XLF’s mid-section with moderate exposure is comprised of Healthcare, Utilities, Communication Services, Energy, and Industrials stocks at 0.0%, 0.0%, 0.0%, 0.0%, and 0.0%.
VOO is 24.24% more exposed to the Technology sector than XLF (24.24% vs 0.0%). VOO’s exposure to Financial Services and Healthcare stocks is 85.80% lower and 13.10% higher respectively (14.2% vs. 100.0% and 13.1% vs. 0.0%). In total, Utilities, Real Estate, and Energy also make up 7.85% more of the fund’s holdings compared to XLF (7.85% vs. 0.00%).
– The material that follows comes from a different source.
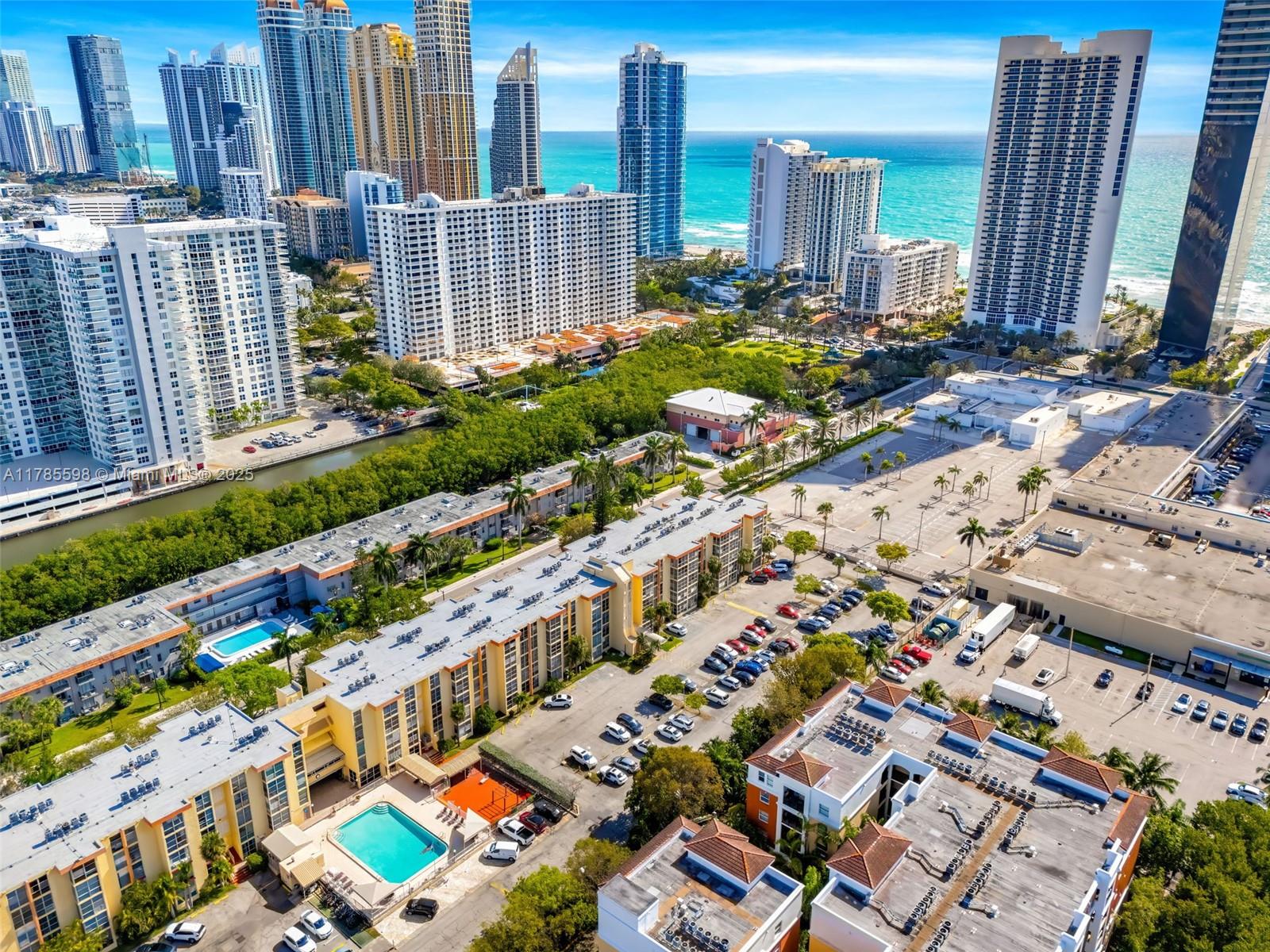 Rental Property at 200 172nd St 103, Sunny Isles Beach, Miami-Dade County, Florida - Bedrooms: 1 
Bathrooms: 1  - $1,800 MO.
|Facebook Inc Class A||2.29%|
|Alphabet Inc Class A||2.02%|
|Alphabet Inc Class C||1.97%|
|Berkshire Hathaway Inc Class B||1.44%|
|JPMorgan Chase & Co||1.3%|
VOO’s Top Holdings are Apple Inc, Microsoft Corp, Amazon.com Inc, Facebook Inc Class A, and Alphabet Inc Class A at 5.92%, 5.62%, 4.06%, 2.29%, and 2.02%.
Alphabet Inc Class C (1.97%), Tesla Inc (1.44%), and Berkshire Hathaway Inc Class B (1.44%) have a slightly smaller but still significant weight. NVIDIA Corp and JPMorgan Chase & Co are also represented in the VOO’s holdings at 1.37% and 1.3%.
|Berkshire Hathaway Inc Class B||12.83%|
|JPMorgan Chase & Co||11.47%|
|Bank of America Corp||7.57%|
|Wells Fargo & Co||4.56%|
|Goldman Sachs Group Inc||3.15%|
|Charles Schwab Corp||2.66%|
|American Express Co||2.62%|
XLF’s Top Holdings are Berkshire Hathaway Inc Class B, JPMorgan Chase & Co, Bank of America Corp, Wells Fargo & Co, and Citigroup Inc at 12.83%, 11.47%, 7.57%, 4.56%, and 3.56%.
Morgan Stanley (3.32%), Goldman Sachs Group Inc (3.15%), and BlackRock Inc (3.02%) have a slightly smaller but still significant weight. Charles Schwab Corp and American Express Co are also represented in the XLF’s holdings at 2.66% and 2.62%.
VOO had its best year in 2013 with an annual return of 32.33%. VOO’s worst year over the past decade yielded -4.42% and occurred in 2018. In most years the Vanguard S&P 500 ETF provided moderate returns such as in 2016, 2014, and 2012 where annual returns amounted to 11.93%, 13.63%, and 15.98% respectively.
The year 2013 was the strongest year for XLF, returning 35.37% on an annual basis. The poorest year for XLF in the last ten years was 2011, with a yield of -17.16%. Most years the Financial Select Sector SPDR Fund has given investors modest returns, such as in 2010, 2014, and 2017, when gains were 11.97%, 15.02%, and 22.03% respectively.
|Fund||Initial Balance||Final Balance||CAGR|
A $10,000 investment in VOO would have resulted in a final balance of $36,575. This is a profit of $26,575 over 10 years and amounts to a compound annual growth rate (CAGR) of 14.45%.
With a $10,000 investment in XLF, the end total would have been $27,491. This equates to a $17,491 profit over 10 years and a compound annual growth rate (CAGR) of 12.17%.
VOO’s CAGR is 2.28 percentage points higher than that of XLF and as a result, would have yielded $9,084 more on a $10,000 investment. Thus, VOO outperformed XLF by 2.28% annually.